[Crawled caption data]
-.-.-

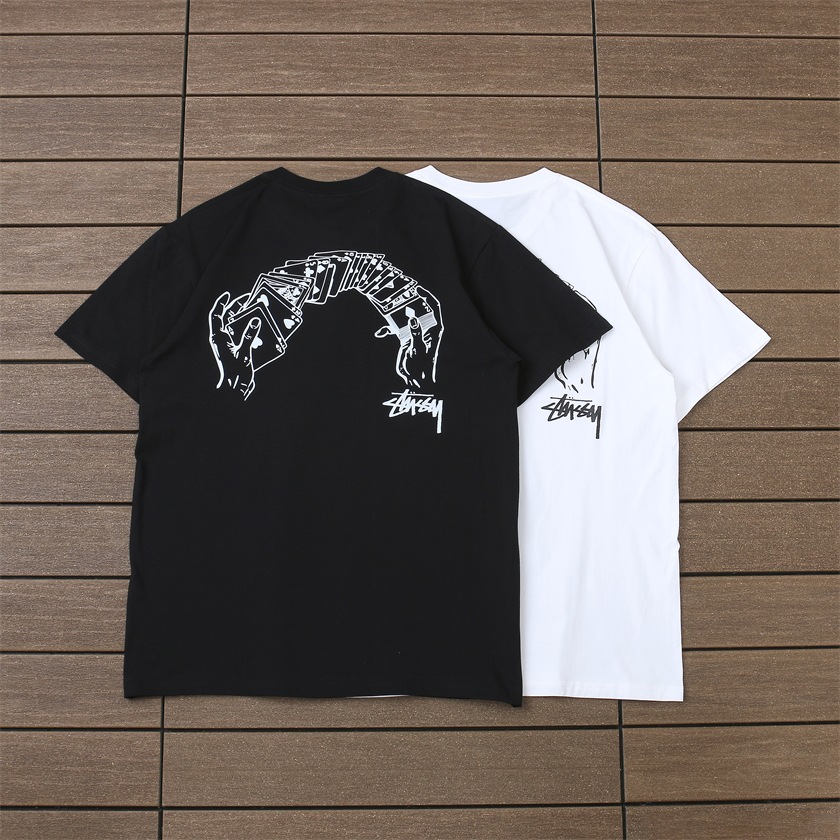 STUSSY T-shirt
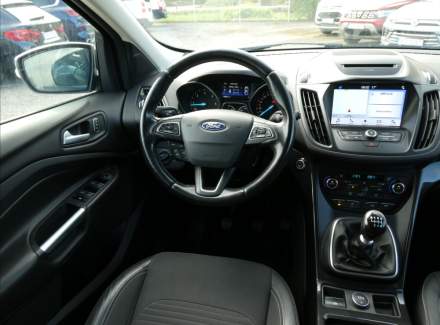 Ford - Kuga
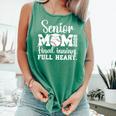 Baseball Senior Mom 2026 Final Inning Baseball Senior Mama Comfort Colors Tank Top Violet Baseball Senior Mom 2026 Final Inning Baseball Senior Mama Comfort Colors Tank Top Violet
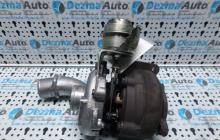 Turbosuflanta, cod 708639-5010S, Renault Scenic 2, 1.9 DCI, F9Q812 (id:110747)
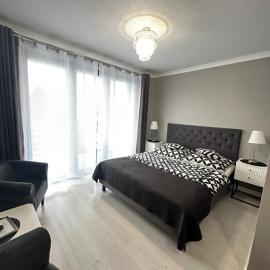 Saviano Mare Villa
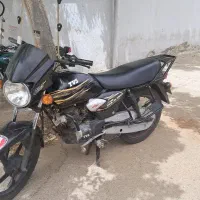 تی وی اس ۹۷ مشکی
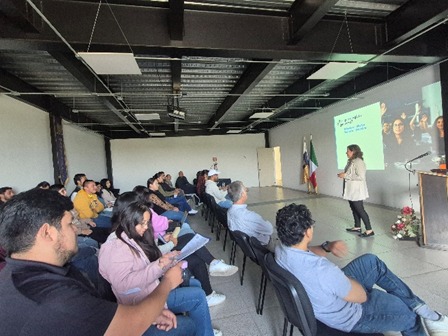 Unidad Académica de Ingeniería I, UAZ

-.-.-

> _Task item_
A word-for-word repeat is expected of the lines from the one with "تی وی اس ۹۷ مشکی" to the end of the data, both included; pictures are not part of it.

> _Solution to this problem_
 تی وی اس ۹۷ مشکی
 Unidad Académica de Ingeniería I, UAZ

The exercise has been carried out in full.